### [Assignment]
The result is the exact lines from the one containing "Welcome to this" through the final line of the entries; leave out the pictures.

BEGIN Provided records

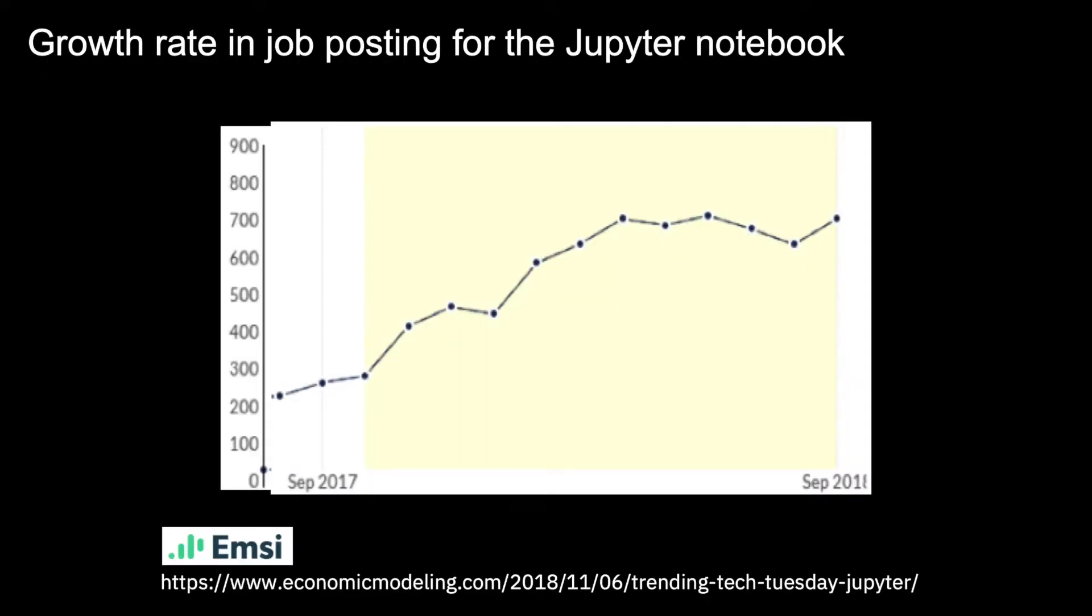According to EMSI, the Jupyter notebook had a 184% increase in job posting between September 2017 and September 2018.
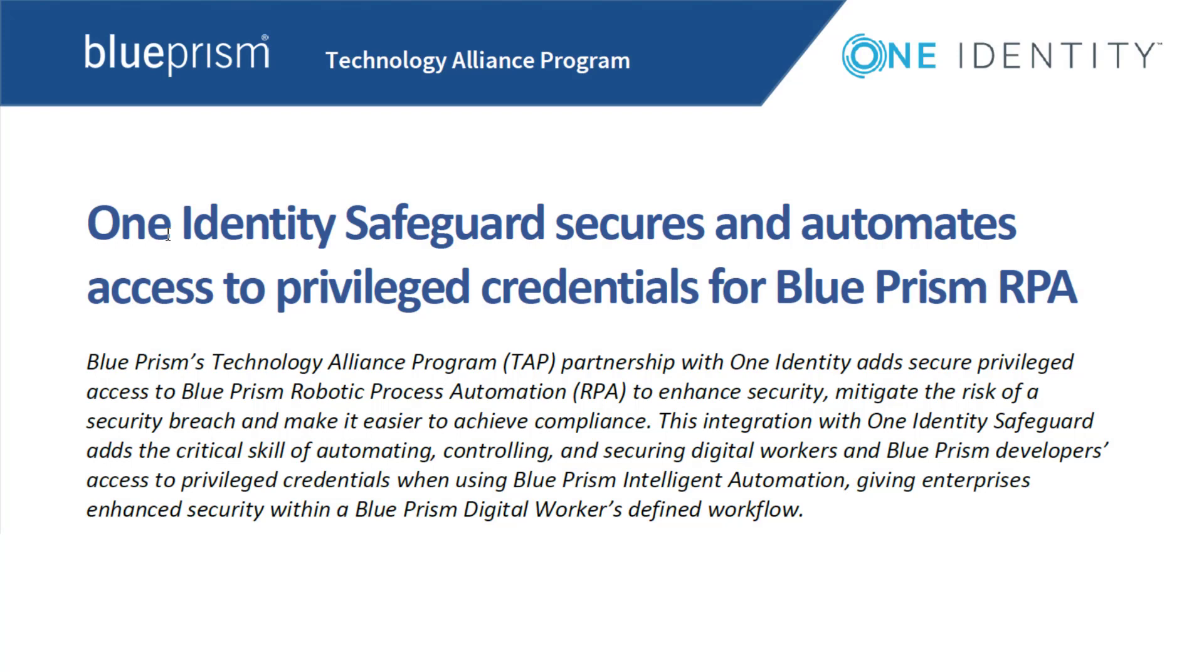Welcome to this introduction video that shows the integration of Blue Prism RPA and One Identity Safeguard. In this short demonstration, you will see how you can enhance the security of your Blue Prism deployment by using an external enterprise privilege account management solution for password vaulting and session management.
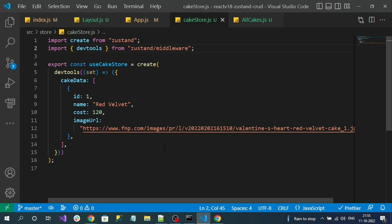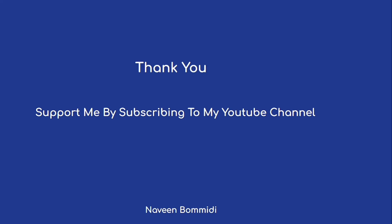Next, we will work on how to invoke an API, save the API response data into our Zustand store, and then retrieve that data from the store to our React component. Thank you so much for watching this video. I hope this delivered some useful content. If you like the video, please like it and subscribe to the channel. We'll meet again in the next video — until then, signing off. Thank you.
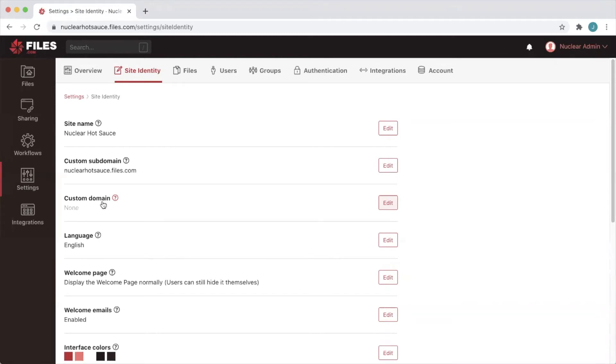For the purposes of this tutorial we have a fictional hot sauce company that uses the domain nuclearhotsauce.co so we'll go with files.nuclearhotsauce.co for our custom domain.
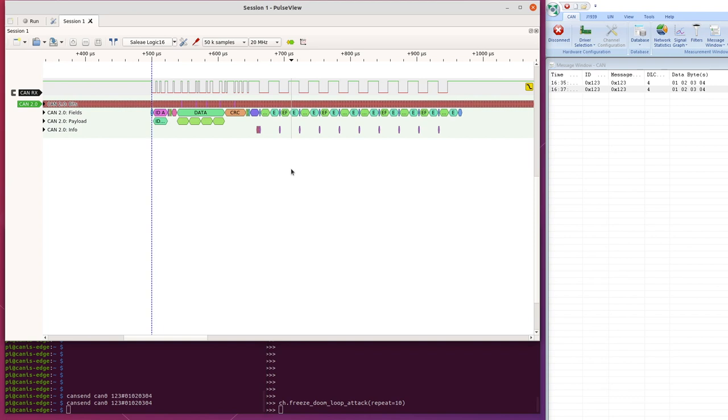So that's how we use pulse view to decode some interesting stuff that's going on in CAN. Thanks for watching, and I'll see you soon.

END Provided records

### [Response to this exercise]
Welcome to this introduction video that shows the integration of Blue Prism RPA and One Identity Safeguard. In this short demonstration, you will see how you can enhance the security of your Blue Prism deployment by using an external enterprise privilege account management solution for password vaulting and session management.
Next, we will work on how to invoke an API, save the API response data into our Zustand store, and then retrieve that data from the store to our React component. Thank you so much for watching this video. I hope this delivered some useful content. If you like the video, please like it and subscribe to the channel. We'll meet again in the next video — until then, signing off. Thank you.
For the purposes of this tutorial we have a fictional hot sauce company that uses the domain nuclearhotsauce.co so we'll go with files.nuclearhotsauce.co for our custom domain.
So that's how we use pulse view to decode some interesting stuff that's going on in CAN. Thanks for watching, and I'll see you soon.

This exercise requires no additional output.